On December 22, 2000, during the pendency of immigration proceedings, Mr. Verhovskoy informed Petitioner he was withdrawing from representation. (ER at 30.) On January 19, 2001, Petitioner received a copy of the State Bar of California's Stipulation Form -Actual Suspension, indicating Mr. Verhovskoy had been suspended by the State Bar of California in September 2000. (ER at 130.) On January 28, 2001,*fn3 Petitioner filed a complaint against Mr. Verhovskoy with the State Bar. (ER at 128-30.) Petitioner had been represented by Mr. Verhovskoy since 1996, and had paid him over $20,000 in fees for representation in immigration proceedings and criminal defense. Based on Petitioner's complaint and State Bar investigation, Mr. Verhovskoy admitted to some violations. On February 5, 2003 he was again suspended from the practice of law. (ER at 131-34.) In 2001, following Mr. Verhovskoy's withdrawal, Petitioner retained new criminal defense and immigration counsel. (ER at 115.)

In the removal proceedings, the Immigration Judge found Petitioner removable as an alien convicted of crime of moral turpitude within five years of admission and as an alien convicted of two or more crimes involving moral turpitude. Petitioner sought relief, including adjustment of status, asylum and relief under the convention against torture, but he was unsuccessful due to his criminal record. On December 13, 2001 Petitioner was ordered deported to Russia. (ER at 116; Bettwy Decl. Ex. at 9-34.) On January 14, 2003, the removal order was affirmed by the Board of Immigration Appeals ("BIA"). (Bettwy Decl. Ex. at 35-36.) Challenging the Immigration Judge's decision to deny asylum and adjust his status, Petitioner appealed to the Ninth Circuit. The Ninth Circuit construed the appeal as a petition for a writ of habeas corpus pursuant to 28 U.S.C. § 2241, and transferred the case to this District (case no. 04cv2595-W(BLM)). The petition was denied on May 2, 2005. (Bettwy Decl. Ex. at 53 et seq.) On February 9, 2007, the Ninth Circuit denied review. Petitioner has been in ICE custody since June 28, 2007. In state court proceedings, on August 30, 2001, Petitioner filed a motion to reinstate the appeal of his 1996 Conviction with the California Court of Appeal. The motion was denied (ER at 34) and the California Supreme Court denied review (ER at 36). On February 15, 2002, Petitioner filed a habeas corpus petition with the California Court of Appeal, which was denied. (ER at 38.) Again, the California Supreme Court denied review. (ER at 40.)

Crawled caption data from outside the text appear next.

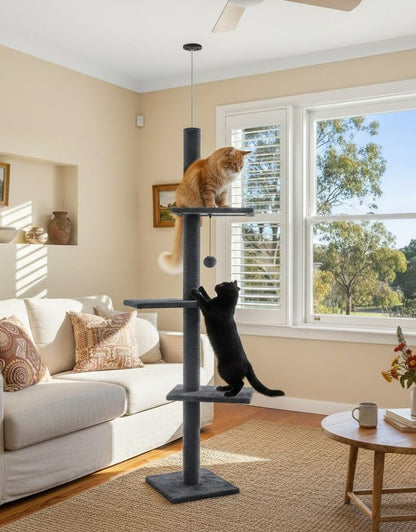 CARLA HOME Floor to Ceiling Cat Tree Tower  with Adjustable Height 230-286cm for Indoor Cats (Grey) - Image 2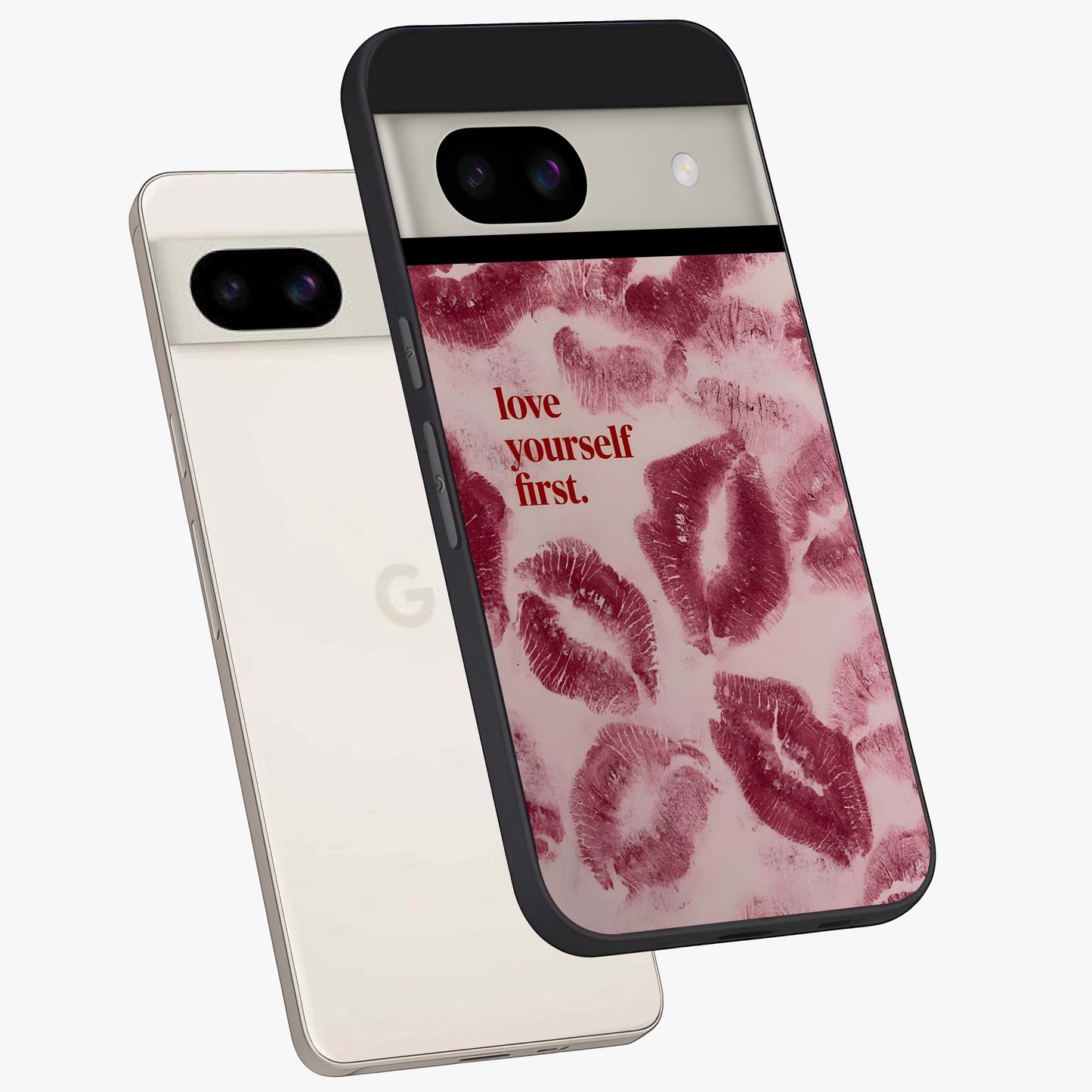 Crimson Kiss Love Glass Case displayed in angled mockup highlighting bold love inspired design with modern aesthetic style.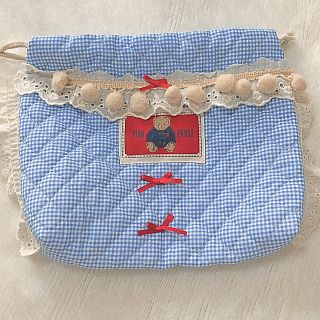 ピンクハウス(PINK HOUSE)のハンドメイド 巾着ポーチ くま レース ぽんぽん リボン(ポーチ)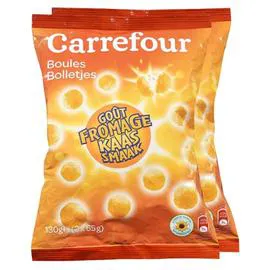 CARREFOUR Biscuits apéritifs boules au fromage 2x65g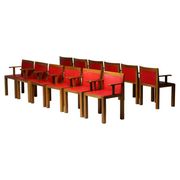A masterpiece of Italian modernism: eleven Aldo Rossi red Teatro arm chairs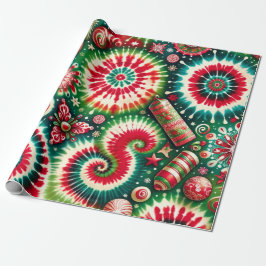 Psychedelic Swirl-julafton Papper Presentpapper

On October 11, 2002, Petitioner filed a petition for habeas corpus pursuant to 28 U.S.C. § 2254 in this District (case no. 02cv2029-W(BEN)) based on ineffective assistance of counsel on appeal of the 1996 Conviction. The petition was dismissed based on the statute of limitations. (ER at 76-86.) On February 9, 2007, the dismissal was affirmed by the Ninth Circuit (ER at 96-98) and petition for a rehearing was denied on September 28, 2004 (ER at

On September 25, 2006, Petitioner filed in the San Diego County Superior Court motions for new trial*fn4 of the 1996 and 1998 Convictions based on ineffective assistance of counsel.

(Lodgment Ex. 1 at 17 et seq. & 78 et seq.) The motions were denied (Lodgment Ex. 1 at 57, 117) and the appeal to the California Court of Appeal was unsuccessful (ER at 136). On September 12, 2007, the California Supreme Court denied petition for review. (ER at 137.)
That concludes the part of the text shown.